Saturday’s Game Report: Cubs 7, Cardinals 3
By Rob Rains
After watching Michael Busch torment them all season, the Cardinals finally found a way to get around the Cubs’ slugging first baseman in the eighth inning on Saturday.
It was not received well by the crowd at Wrigley Field.
Busch had gone 4-for-4 in the game, including two more home runs to lead the Cubs to a 7-3 lead when he came up to bat for the fifth time needing only a single to hit for the cycle.
Instead of giving him that chance, however, the Cardinals ordered an intentional walk.

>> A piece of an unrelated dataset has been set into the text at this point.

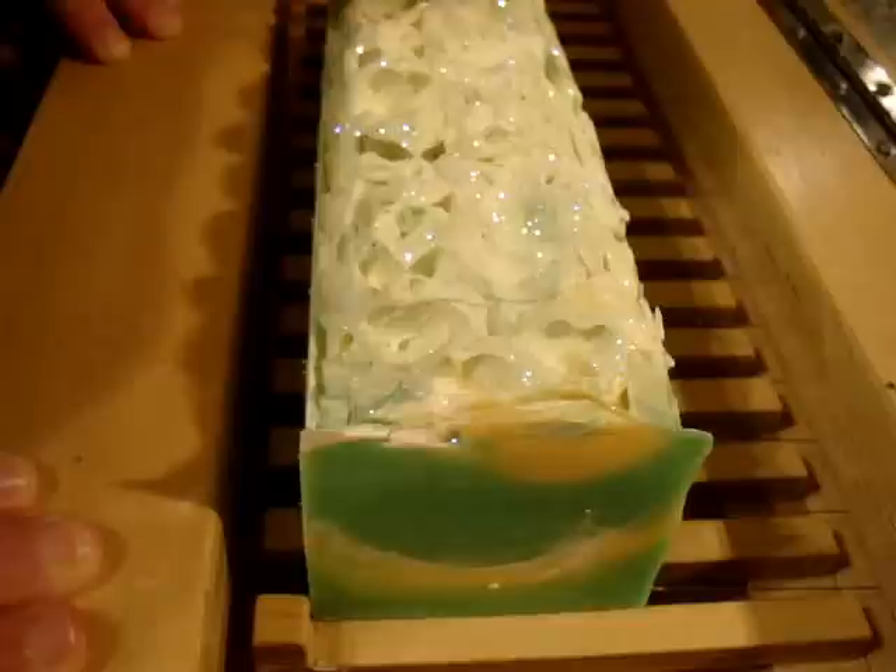This soap is made with coconut milk, which I thought kind of went with the whole Thai sort of vibe. This is made with the new formulation which has a load of cocoa butter and sweet almond oil, and a little bit of olive oil.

The decision came after Dansby Swanson had stolen third earlier in the inning, with the four-run lead, perhaps making the intentional walk a retaliatory move.
The two home runs by Busch, including one on Michael McGreevy’s first pitch of the game, were his eighth and ninth hit against the Cardinals in just 11 games this season. The only other two Cubs in history to hit nine homers against the Cardinals in a season were Ernie Banks in 1955 and Hack Wilson in 1929.

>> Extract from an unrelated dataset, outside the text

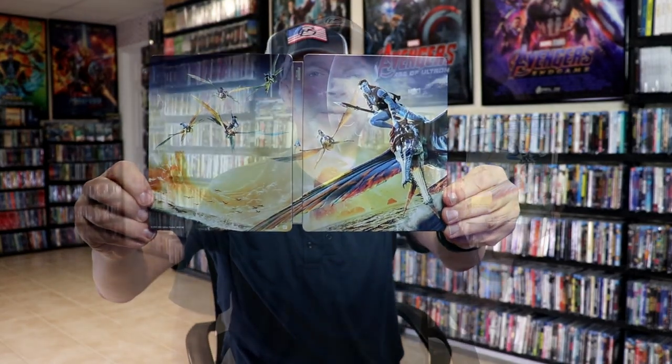So overall this is a beautiful looking Steelbook. I'm really happy to have this added to the collection. I'm very happy that Best Buy did not cancel this order and that it arrived safely in a box.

For the season, Busch has gone 21-of-45 against the Cardinals, a .467 average, with five doubles, a triple and 17 RBIs.
Here is how Saturday’s game broke down:
At the plate: All three runs for the Cardinals came on home runs. Nolan Arenado hit a solo shot with one out in the fourth that tied the game at 1 and Jordan Walker hit a two-run blast in the seventh that pulled the Cardinals within a run at 4-3 … The Cardinals had only five hits through the first eight innings … In the ninth Nolan Gorman reached on a infield single with one out and a single by Jimmy Crooks and a walk to Walker, his second of the game, loaded the bases with two outs and brought the tying run to the plate. Nathan Church struck out to end the game.

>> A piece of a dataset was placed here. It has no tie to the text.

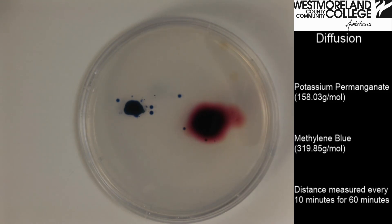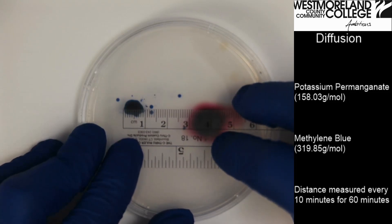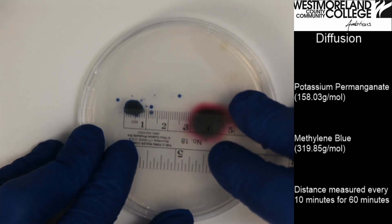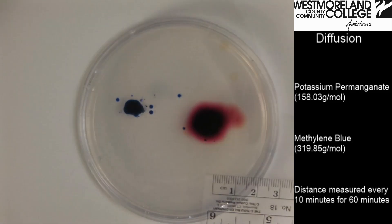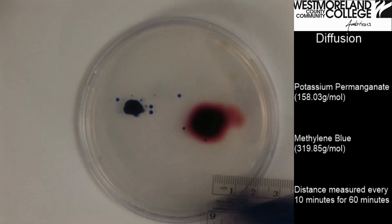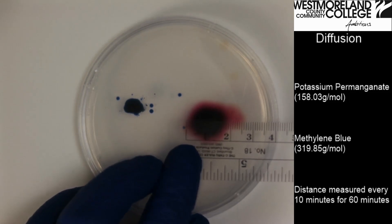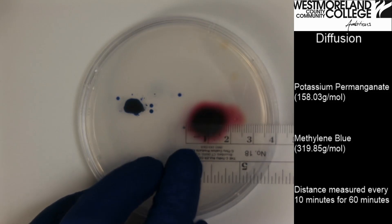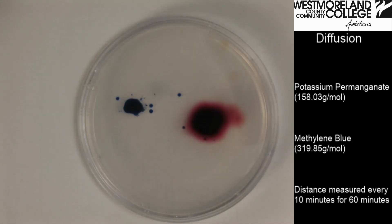It has been ten more minutes for a total of thirty minutes, and I will take another measurement. The methylene blue is at ten millimeters, and the potassium permanganate is at approximately twenty millimeters. We have thirty more minutes of measurements to take.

On the mound: The home run by Busch off McGreevy was the 33rd home run allowed in the first inning by the Cardinals this season, the second highest total in the NL trailing only the Rockies … Busch’s second homer also came off McGreevy, a two-run shot in the fifth … Saiya Suzuki greeted Ryan Fernandez with a home run in the sixth and Pete Crow-Armstrong added a two-run shot off Jorge Alcala in the eighth.
Key stat: The four home runs by the Cubs increased their season total to 28 homers in 12 games against the Cardinals. They have hit 19 homers in just five games at Wrigley Field.
Worth noting: The Cardinals struck out 13 times, so exactly half of their outs in the first two games of the series, 27 of 54, have come via a strikeout … Gorman struck out three times after fanning twice on Friday … John Mozeliak is expected to meet with the St. Louis media on Monday at Busch Stadium with incoming president of baseball operations Chaim Bloom expected to hold a news conference on Tuesday.
Up next: Kyle Leahy will make the first start of his major-league career on Sunday in the final game of the season as the Cardinals try to salvage the final game of the three-game series.